Former Florida Gov. Charlie Crist said Tuesday that he left the Republican Party in part because it “was so unfriendly toward the African-American president.”
Crist is running again for governor in Florida, now as a Democrat. Fusion’s Jorge Ramos pressed Crist in an interview on why he left the Republican Party, saying it was because he was going to lose to Sen. Marco Rubio (R-Fla.) in the 2010 Senate primary.
{mosads}“No, it was because I couldn’t be consistent with myself and my core beliefs and stay with a party that was so unfriendly toward the African-American president. I’ll just go there,” Crist replied.
“I saw how the party, some of them, were treating the African-American president, and I couldn’t take it anymore,” he added. “That’s a big part of why I left the party.”
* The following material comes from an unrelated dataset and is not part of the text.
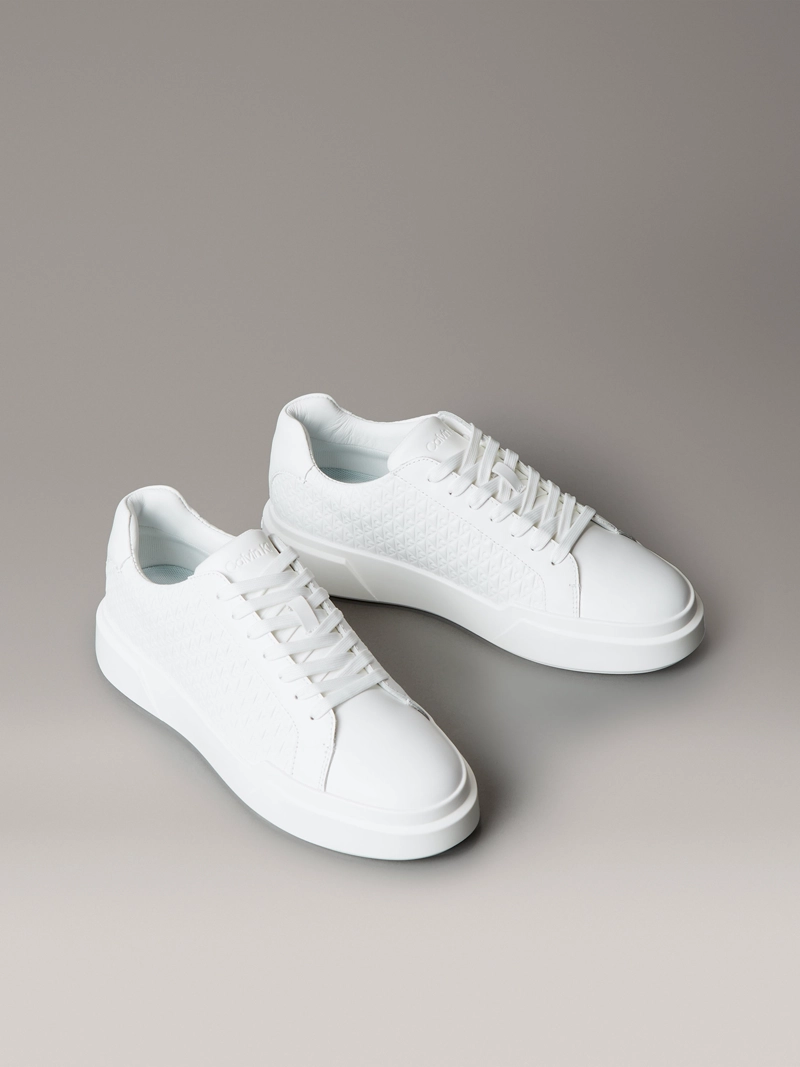 ZAPATILLAS CON ESTAMPADO DE MONOGRAMA EN RELIEVE - 1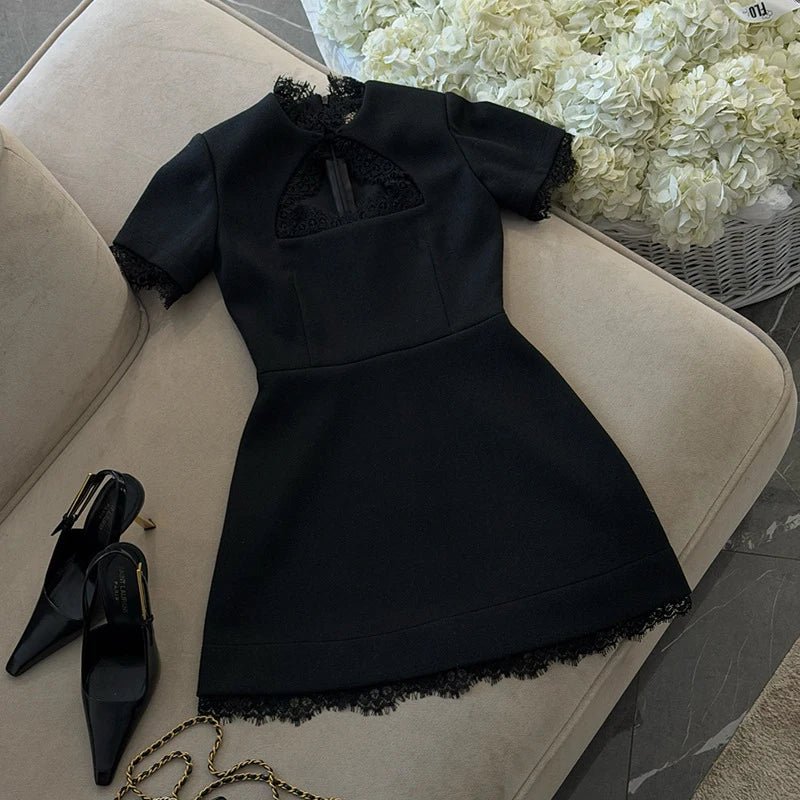 Robe mini noire en dentelle couture, silhouette trapèze taille haute, manches courtes ajourées — élégance chic pour un look urbain sophistiqué 2026 - Deliora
Crist became an independent in 2010 after polls showed him trailing Rubio in the GOP primary. He then lost in a three-way general election for the Senate. In 2012, he became a Democrat.
This is not the first time Crist has brought up President Obama’s race as a factor in the opposition to him. In February, Crist told Comedy Central’s Stephen Colbert that race was part of the reason Republicans objected so much to his now-famous hug with Obama in 2009.
“Sadly, I think another part of it was that he was a Democrat,” Crist said then. “But not just a Democrat, an African-American.”
Crist is leading Republican incumbent Gov. Rick Scott in the latest polls. A Quinnipiac survey in April put him up 10 points.